As always, thanks for stopping by!


  1. Now pretty much all of that i didn't know even though o have visited the postage stamp battlefield of Culloden. Very interesting, Stu, i look forward to seeing how this develops. Will you be taking your "project" to Deep Fried Lard in 2021?

    1. Jim Bob, thank you most kindly. You know what, it never even crossed my mind to consider taking the game to Deep Fried Lard. Dunno if I'd consider myself of such calibre to run a game. But if Doug is agreeable to this, and Derek has no objections, I'm sure we could make that happen!

  2. I will watch your progress with interest as I am early into my own journey with Sharp Practice and the 45.

    1. Thank you Roger. I shall do the same with yours!

  3. Family tradition relates 'we' came second at Culloden. But in many ways the final battle was not representative of the Jacobite war effort. I have a range of books, of which Prebble is good on the documentary evidence for the aftermath.
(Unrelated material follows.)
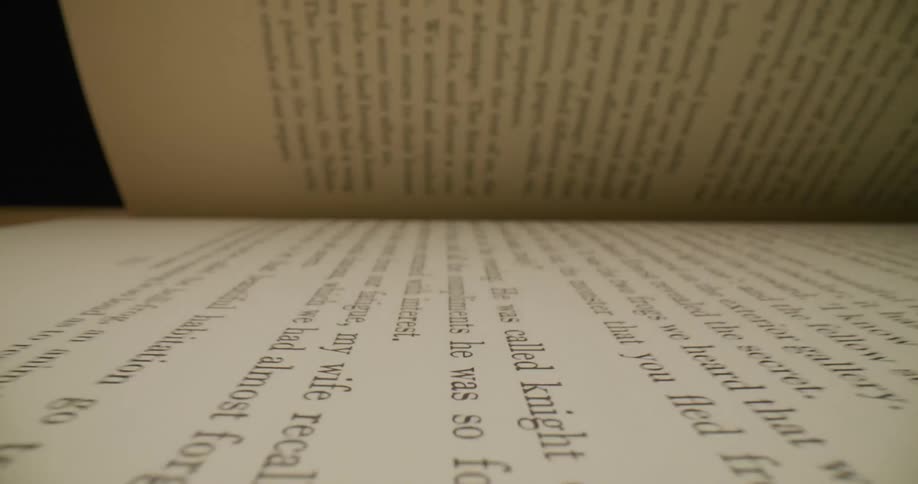 Close up view of pages on a book is displayed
Reid great on the actual military campaign, and some of the fatal disagreements of the Jacobite command. 'Like Hungry Wolves' is an excellent primer.

    It's hard for us now to comprehend, but to the average Englishman, Sassenach or Lowlander - the clansmen were savages, who couldn't speak the King's English, lived a life of uncivilised depravity and were both an object of fear and scorn. Cartoons and newspapers of the day depicted slaughter, misery and cruelty inflicted by the Scottish hordes, much as newspapers of later years the vile Boche bayoneting Belgian babies and Iraqi Republican Guards tipping Kuwaiti babies out of ventilators.

    Having conditioned their troops to consider the clans as less than human, the atrocities post Culloden are hardly surprising.

    But wargaming the '45, Culloden is atypical, with plenty of small skirmishes and other battles to be gamed.

  4. Oh - and yes.. I would be up for Deep Fried Lard... I even have a Z plan Scottish Castle in preparation to add to the terrain ;)

    1. Well, if Derek is in agreement, I'd be honoured to run a game at DFL with you! And yes, your Z Plan Scottish Castle looks amazing! My order of models was being processed today at Flags of War, so hopefully I'll be able to start painting soon. We have a lot of fun work ahead of us Doug, and I'm delighted to be on the journey with you.